Tuesday, March 02, 2004
if i got my choice, i'll choose..
the friends in NJ.
the campus of HC.
the U of RJ.
but one can never have the best of both worlds, or in my case, the best of 3.
so i've made my decision. sent in my application.
i'm trying for hwa chong. 2nd choice is national. 3rd anderson and 4th st andrew's.
and now? i'm relieved. relieved that i've finally done it.
and i'm actually looking forward now.
Sunday, February 29, 2004
that's it.
it's monday.
it's decision-day.
problem is: i don't think i'm gonna make a decision.
i can't choose.
hwa chong? or NJ?
i was so dead-on NJ from the start. it was like 100%. but with each day's passing, it has dwindled to like 50% or something.
i'm gonna miss the people, the friends, the eldds 2nd audition if i go.

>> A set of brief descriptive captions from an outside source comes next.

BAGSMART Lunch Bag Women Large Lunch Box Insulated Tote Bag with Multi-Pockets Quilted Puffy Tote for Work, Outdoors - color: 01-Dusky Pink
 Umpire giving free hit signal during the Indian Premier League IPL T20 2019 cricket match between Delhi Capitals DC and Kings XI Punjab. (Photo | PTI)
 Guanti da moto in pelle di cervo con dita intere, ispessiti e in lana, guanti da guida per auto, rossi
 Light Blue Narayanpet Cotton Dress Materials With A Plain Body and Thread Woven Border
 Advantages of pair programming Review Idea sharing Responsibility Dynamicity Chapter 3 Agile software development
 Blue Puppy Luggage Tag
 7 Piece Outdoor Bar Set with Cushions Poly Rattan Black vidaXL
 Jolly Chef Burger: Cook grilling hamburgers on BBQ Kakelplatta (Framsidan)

but if i stay, there are the most HORRIBLE teachers. ms stacy tan is great though. and even if i stay, it may not be the same class. afterall, i'm dropping chinese now. and my class prolly isn't.
the max. what if i sit aorund and ponder for ages that i miss the deadline?
sigh. this is terrible.
*beep
i'm nutty today. quoting jy, nuttier than a fruitcake.
i'm sticky. currently waiting for a tv programme.
today was absolutely hilarious.
we got up real late so we went for the 11am mass at holy spirit. had lunch and went grocery shopping.
laughing and crapping with my sis the whole time.
then we rushed back, she had major work to do, so she sat on the couch in my room and began to read her research paper while i lay down to take a nap.
me: sis, don't you envy me? i get to sleep now.
sis: no i don't, coz i'll be really sad when i wake up.
then the phone rang. it was both of my aunts calling to congratulate me. and so they continued talking in monologue while i stood there with my blanket around me waiting for them to put the phone down, uttering monosyllabic answers.
sis: don't you envy me now?
i rang my grandma to tell her the results. actually there was no need. my aunt told my uncle who told my grandma. qouting from my aunt, she says ma-ma has been telling all her friends that she has a really smart granddaughter aka me, who did very well. and that all she thinks of day to night is my results and she's really happy. everyone's waiting for a treat from me. soon, zhao's A level results will be out, and it'll be another round. haha.
i was telling ma-am that my parents were very happy. her answer? yea. especially your dad. he was saying how he expected really bad results coz his daughter(me) is lazy and does not study etc etc. what a laugh.
but i feel very glad. glad to know that my grandma's happy. i'm well-known for being lazy. playful etc. so everyone's happy. i hope zhao does well, then it'll be a great year ahead.